_PROBLEM DETAILS_:
Reproduce the listing below word for word and exclude any picture.

_AVAILABLE DATA_:
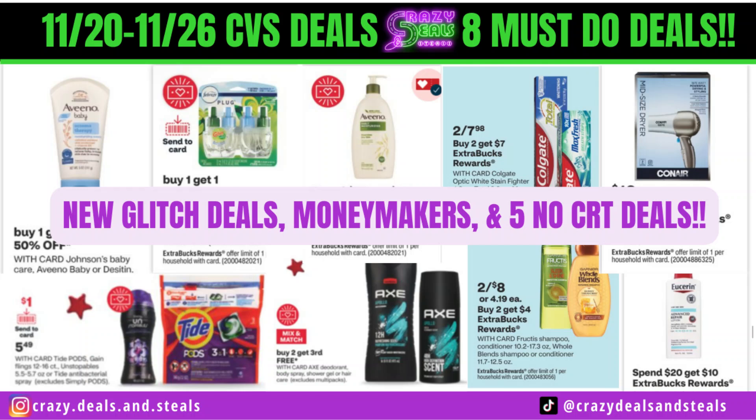Welcome back family. We're going to get into another week of deals, 11/20 to 11/26 at CVS. We've got to get through this quickly because I got some other stuff I got to do. I know I pretty much say that every time we film, but it's really true.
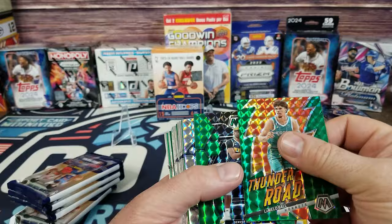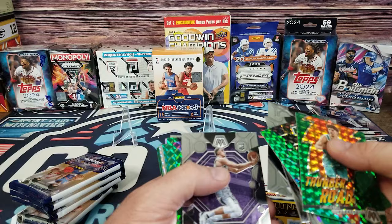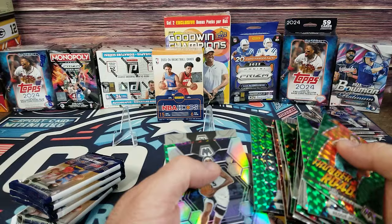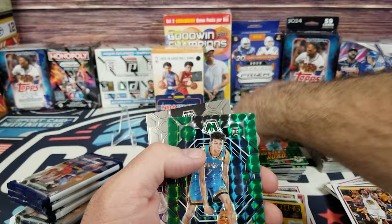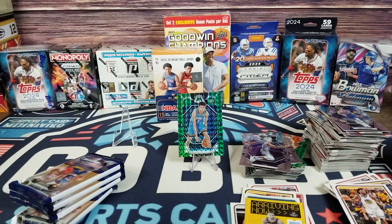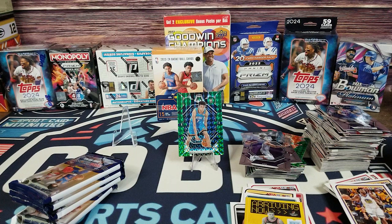Hold on a second — I think I pulled something good. Let me see here... right here... is this a card you guys are yelling at me about? That could be a card you guys are screaming about. So this is a 2022-23 Mosaic Basketball — Chet Holmgren!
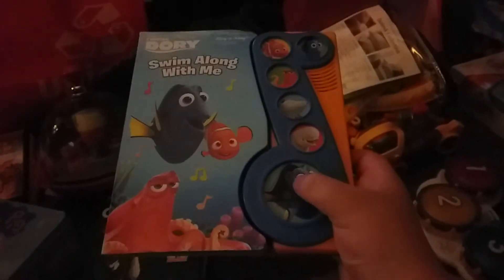Dory — swim along with me. Finding Dory, Finding Dory: Swim Along With Me. And you know it plays a music sound — it plays music.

_WRITTEN SOLUTION_:
Welcome back family. We're going to get into another week of deals, 11/20 to 11/26 at CVS. We've got to get through this quickly because I got some other stuff I got to do. I know I pretty much say that every time we film, but it's really true.
Hold on a second — I think I pulled something good. Let me see here... right here... is this a card you guys are yelling at me about? That could be a card you guys are screaming about. So this is a 2022-23 Mosaic Basketball — Chet Holmgren!
Dory — swim along with me. Finding Dory, Finding Dory: Swim Along With Me. And you know it plays a music sound — it plays music.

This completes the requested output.